Crystals can grow at an astonishing rate if the right conditions are present. For instance, large industrial quartz crystals can be grown in laboratories in a matter of days under controlled conditions. Ice crystals can also form quickly in lakes or puddles overnight. And, the giant crystals in pegmatites can also grow rapidly.
Crystals tend to grow faster in warmer temperatures due to the quicker evaporation of the liquid containing the dissolved material. Additionally, a slow crystallization process encourages the growth of larger crystals. Figure 3.17 shows the crystallization of acetanilide from water with two different velocities. The crystals that grew in Figure 3.17a formed much faster and are smaller than the larger and slower growing crystals in Figure 3.17b.
For crystals to have enough time to grow, the evaporation rate must be slow. The evaporation rate of beakers, crystallization plates, Petri dishes and watch crystals can be regulated by covering the plate with aluminum foil and drilling holes in the foil. The foil delays evaporation compared to an open container, while the holes allow some solvent vapor to escape, preventing a completely closed system. The number of holes in the sheet can be increased for less volatile solvents, or fewer holes can be made to slow the evaporation of a highly volatile solvent. Nucleation occurs relatively slowly since the initial crystalline components must collide with each other in the correct orientation and location for them to adhere and form the crystal.
Crystal growth is an important stage in a crystallization process and consists of the addition of new atoms, ions or polymer chains in the characteristic arrangement of the crystal lattice. This will stimulate crystals to grow on the side of the vial, as there is more solvent in contact with the side and the angle prevents the newly formed crystals from falling directly to the bottom of the vial. Therefore, the magnitude of the force of attraction in a 25 mm crystal that captures ions from its immediate vicinity will be 10 thousand times greater than in a 2500 mm crystal that has exhausted its immediate environment and has to attract ions at much greater distances. In general, it is believed that mechanical and other properties of a crystal are also relevant to its growth rate, and that its morphology provides a link between growth kinetics and physical properties. Similarly, crystallization can be considered as a crystal lattice that collects solutes from a solution.

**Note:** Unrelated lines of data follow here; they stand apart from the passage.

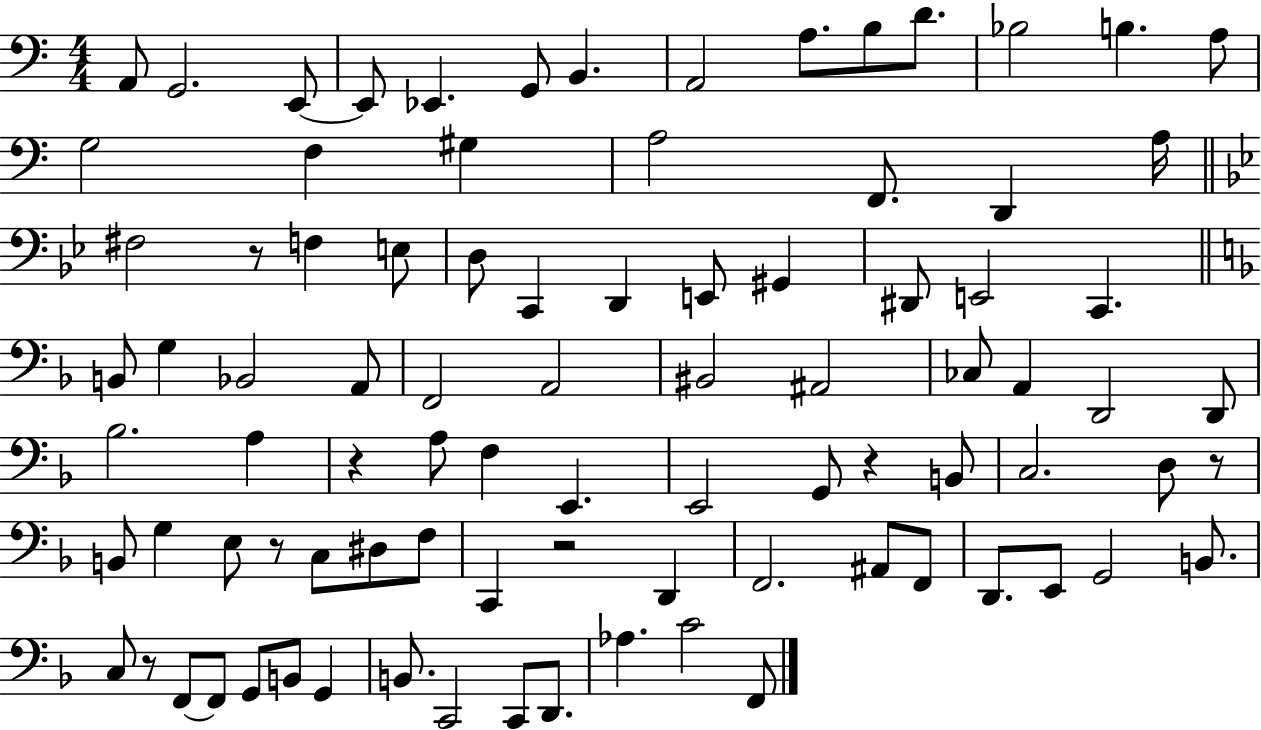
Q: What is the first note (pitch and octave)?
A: A2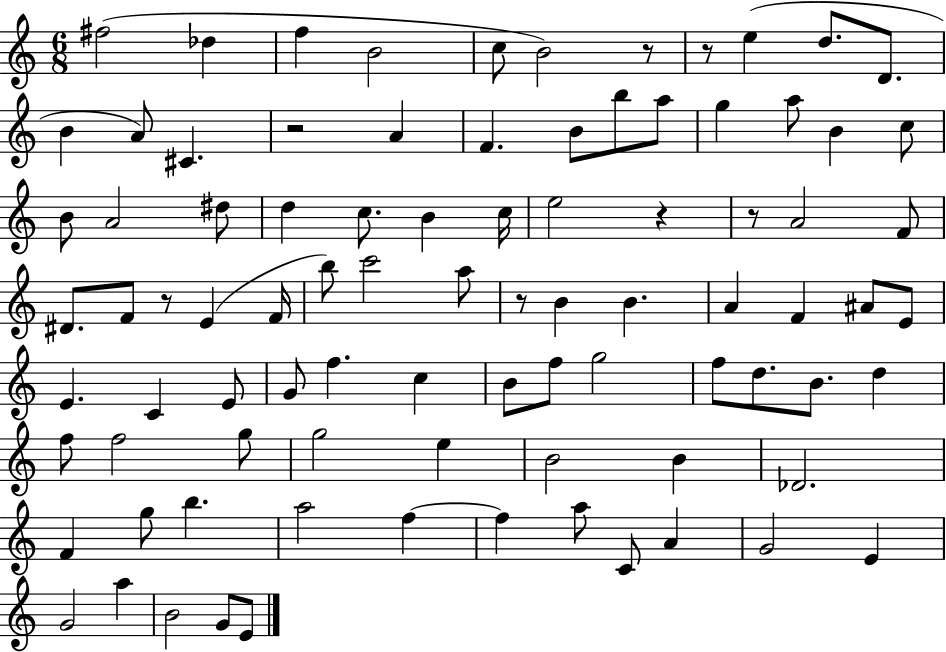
X:1
T:Untitled
M:6/8
L:1/4
K:C
^f2 _d f B2 c/2 B2 z/2 z/2 e d/2 D/2 B A/2 ^C z2 A F B/2 b/2 a/2 g a/2 B c/2 B/2 A2 ^d/2 d c/2 B c/4 e2 z z/2 A2 F/2 ^D/2 F/2 z/2 E F/4 b/2 c'2 a/2 z/2 B B A F ^A/2 E/2 E C E/2 G/2 f c B/2 f/2 g2 f/2 d/2 B/2 d f/2 f2 g/2 g2 e B2 B _D2 F g/2 b a2 f f a/2 C/2 A G2 E G2 a B2 G/2 E/2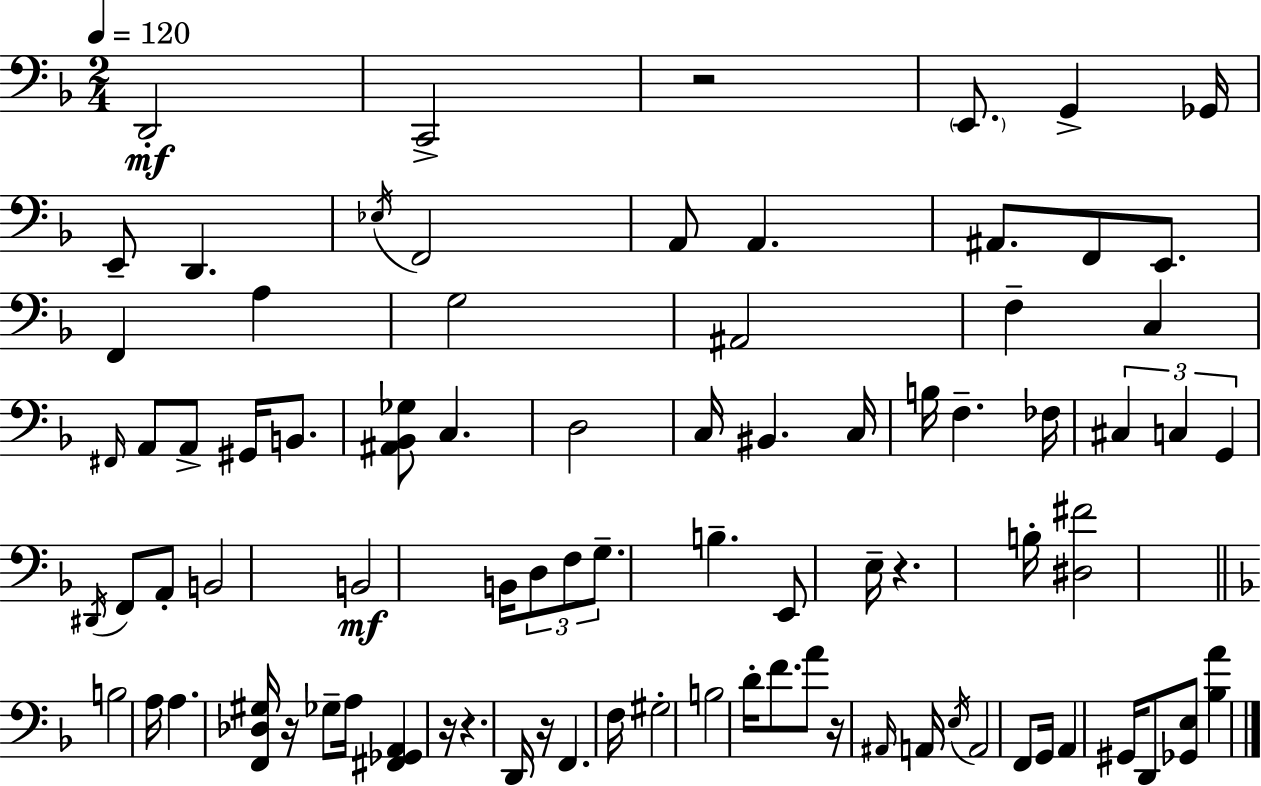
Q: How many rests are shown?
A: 7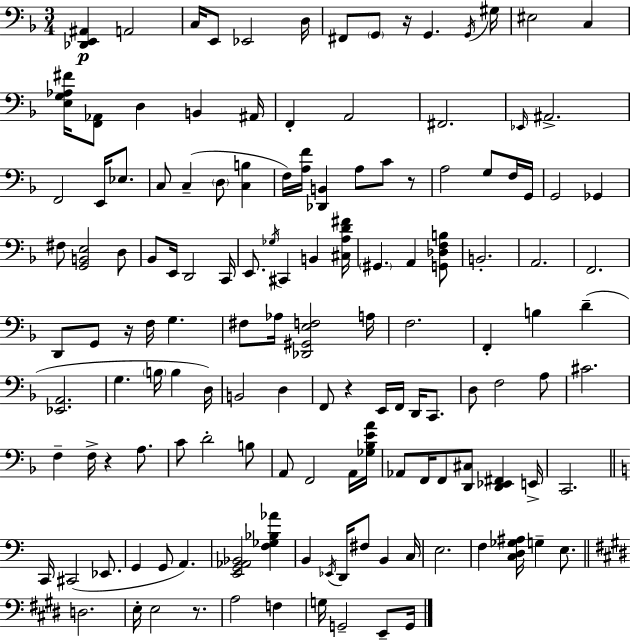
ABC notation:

X:1
T:Untitled
M:3/4
L:1/4
K:F
[_D,,E,,^A,,] A,,2 C,/4 E,,/2 _E,,2 D,/4 ^F,,/2 G,,/2 z/4 G,, G,,/4 ^G,/4 ^E,2 C, [E,G,_A,^F]/4 [F,,_A,,]/2 D, B,, ^A,,/4 F,, A,,2 ^F,,2 _E,,/4 ^A,,2 F,,2 E,,/4 _E,/2 C,/2 C, D,/2 [C,B,] F,/4 [A,F]/4 [_D,,B,,] A,/2 C/2 z/2 A,2 G,/2 F,/4 G,,/4 G,,2 _G,, ^F,/2 [G,,B,,E,]2 D,/2 _B,,/2 E,,/4 D,,2 C,,/4 E,,/2 _G,/4 ^C,, B,, [^C,A,D^F]/4 ^G,, A,, [G,,_D,F,B,]/2 B,,2 A,,2 F,,2 D,,/2 G,,/2 z/4 F,/4 G, ^F,/2 _A,/4 [_D,,^G,,E,F,]2 A,/4 F,2 F,, B, D [_E,,A,,]2 G, B,/4 B, D,/4 B,,2 D, F,,/2 z E,,/4 F,,/4 D,,/4 C,,/2 D,/2 F,2 A,/2 ^C2 F, F,/4 z A,/2 C/2 D2 B,/2 A,,/2 F,,2 A,,/4 [_G,_B,EA]/4 _A,,/2 F,,/4 F,,/2 [D,,^C,]/2 [D,,_E,,^F,,] E,,/4 C,,2 C,,/4 ^C,,2 _E,,/2 G,, G,,/2 A,, [E,,G,,_A,,_B,,]2 [F,_G,_B,_A] B,, _E,,/4 D,,/4 ^F,/2 B,, C,/4 E,2 F, [C,D,_G,^A,]/4 G, E,/2 D,2 E,/4 E,2 z/2 A,2 F, G,/4 G,,2 E,,/2 G,,/4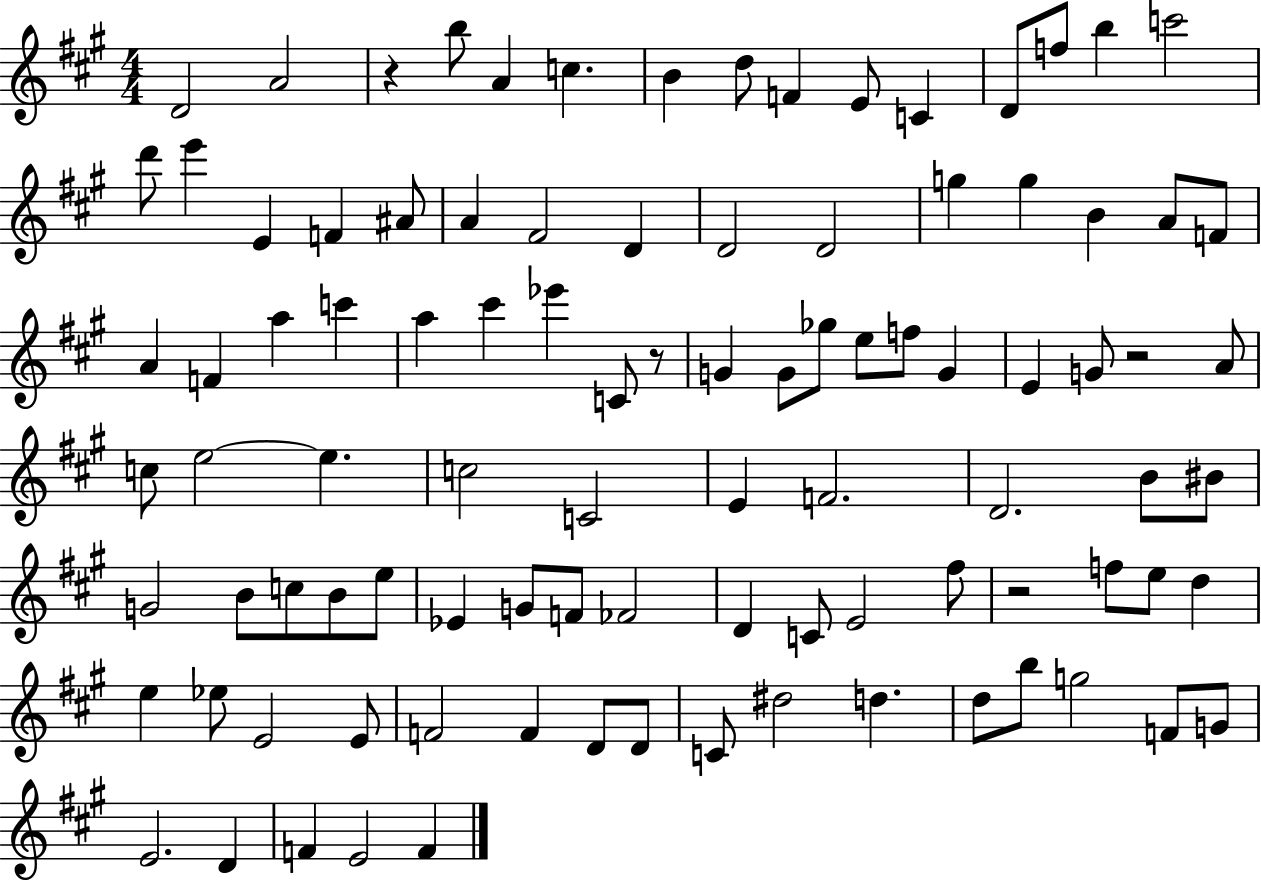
X:1
T:Untitled
M:4/4
L:1/4
K:A
D2 A2 z b/2 A c B d/2 F E/2 C D/2 f/2 b c'2 d'/2 e' E F ^A/2 A ^F2 D D2 D2 g g B A/2 F/2 A F a c' a ^c' _e' C/2 z/2 G G/2 _g/2 e/2 f/2 G E G/2 z2 A/2 c/2 e2 e c2 C2 E F2 D2 B/2 ^B/2 G2 B/2 c/2 B/2 e/2 _E G/2 F/2 _F2 D C/2 E2 ^f/2 z2 f/2 e/2 d e _e/2 E2 E/2 F2 F D/2 D/2 C/2 ^d2 d d/2 b/2 g2 F/2 G/2 E2 D F E2 F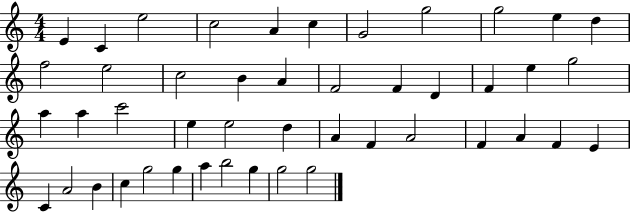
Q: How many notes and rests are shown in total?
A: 46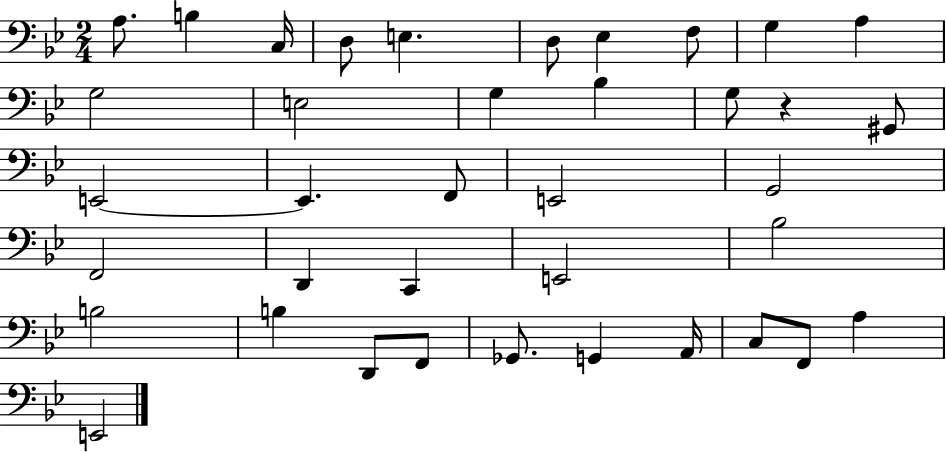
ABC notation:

X:1
T:Untitled
M:2/4
L:1/4
K:Bb
A,/2 B, C,/4 D,/2 E, D,/2 _E, F,/2 G, A, G,2 E,2 G, _B, G,/2 z ^G,,/2 E,,2 E,, F,,/2 E,,2 G,,2 F,,2 D,, C,, E,,2 _B,2 B,2 B, D,,/2 F,,/2 _G,,/2 G,, A,,/4 C,/2 F,,/2 A, E,,2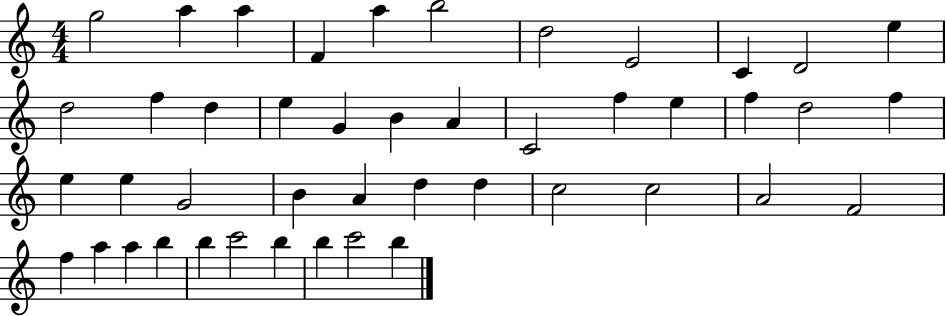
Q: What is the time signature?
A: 4/4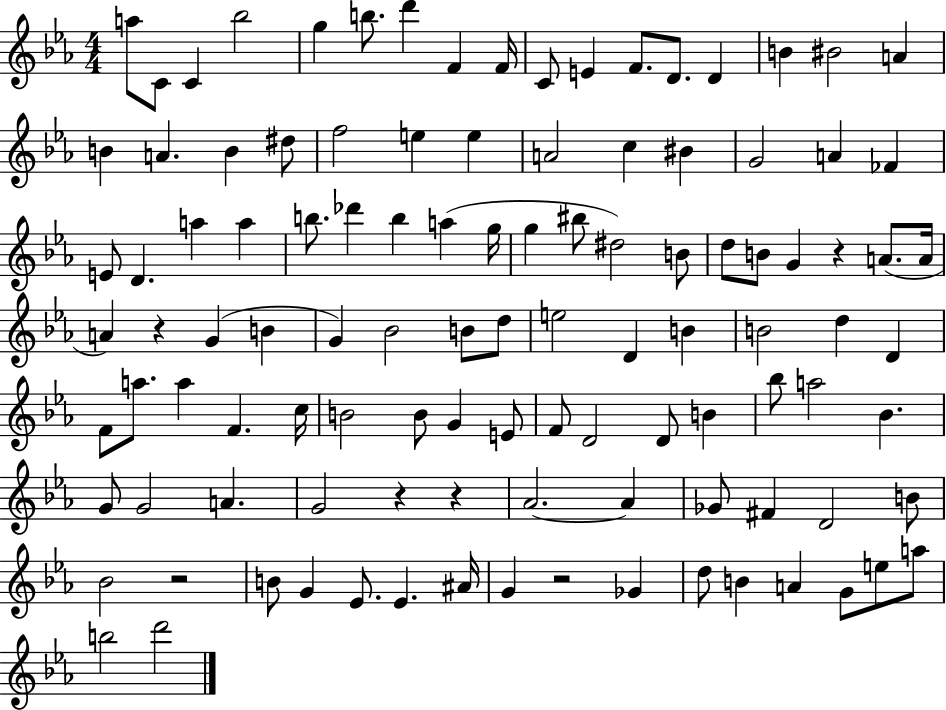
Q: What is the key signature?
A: EES major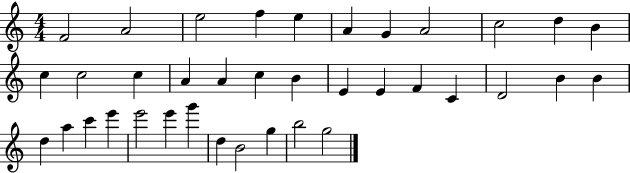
X:1
T:Untitled
M:4/4
L:1/4
K:C
F2 A2 e2 f e A G A2 c2 d B c c2 c A A c B E E F C D2 B B d a c' e' e'2 e' g' d B2 g b2 g2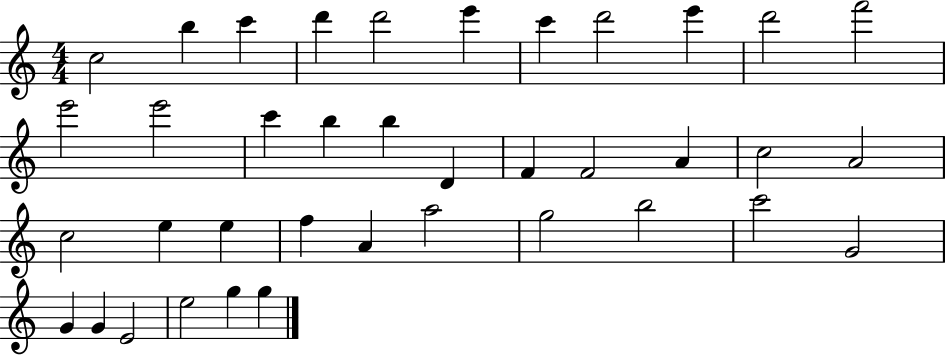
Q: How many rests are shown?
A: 0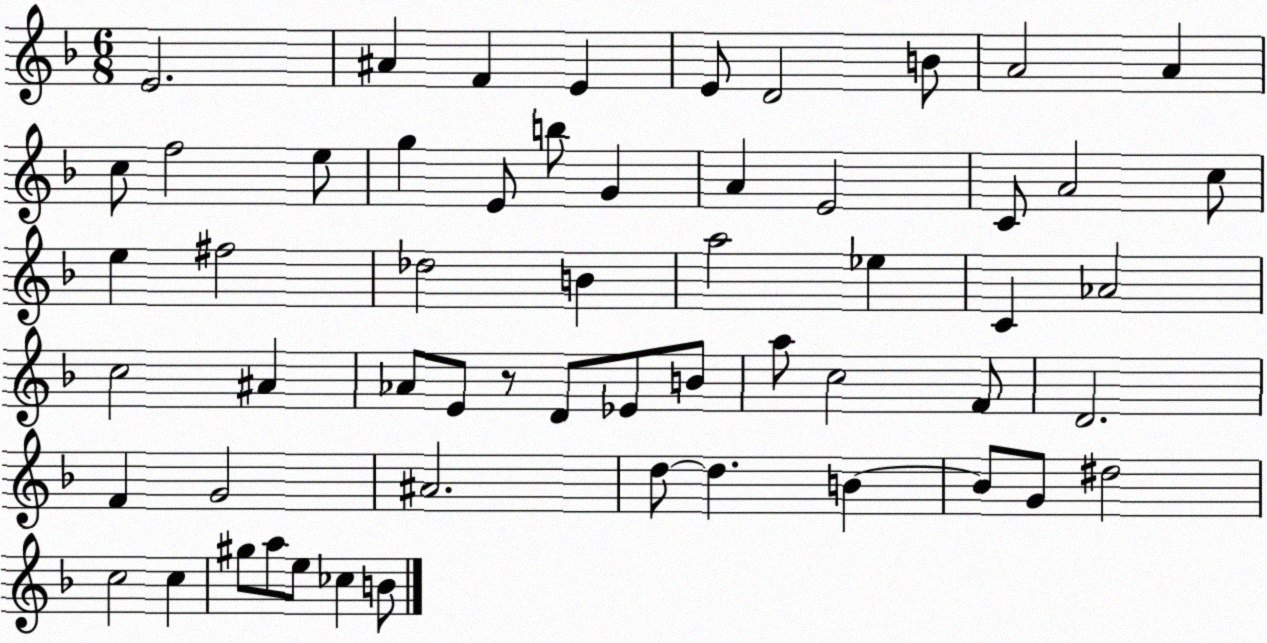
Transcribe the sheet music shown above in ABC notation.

X:1
T:Untitled
M:6/8
L:1/4
K:F
E2 ^A F E E/2 D2 B/2 A2 A c/2 f2 e/2 g E/2 b/2 G A E2 C/2 A2 c/2 e ^f2 _d2 B a2 _e C _A2 c2 ^A _A/2 E/2 z/2 D/2 _E/2 B/2 a/2 c2 F/2 D2 F G2 ^A2 d/2 d B B/2 G/2 ^d2 c2 c ^g/2 a/2 e/2 _c B/2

It took more than three years, an excursion to collect crystal samples from a pegmatite mine in Southern California, hundreds of laboratory measurements to accurately map out their chemical composition, and a deep dive into some materials science articles from 50 years ago to create a model Mathematician who could transform chemical profiles into crystal growth rates. Recrystallizations for purification purposes are a well-known and widely applied technique, but cultivating crystals suitable for single-crystal X-ray diffraction (XRD) is less well known and is more of an art than a science. The electrostatic force that attracts ions to growing crystalline faces weakens with the square of the distance to the crystal. We observed that time scales of crystal growth in pegmatitic systems can approximate those of slow sliding and seismic fluence, raising questions about whether crystal growth may be important during failure or fault healing. Very small holes reduce maximum resolution at which glass diffracts, larger holes destroy it. If after two weeks no crystals have formed in a sample, it may be time to reconsider your culture technique with solvents or crystals and try another method. According to the old Garbage In = Garbage Out rule, a crystal structure is only as good as its glass used for data collection.
Because favorable conditions for crystal growth are likely fleeting, it is logical to assume that crystal growth should occur over a relatively short period of time.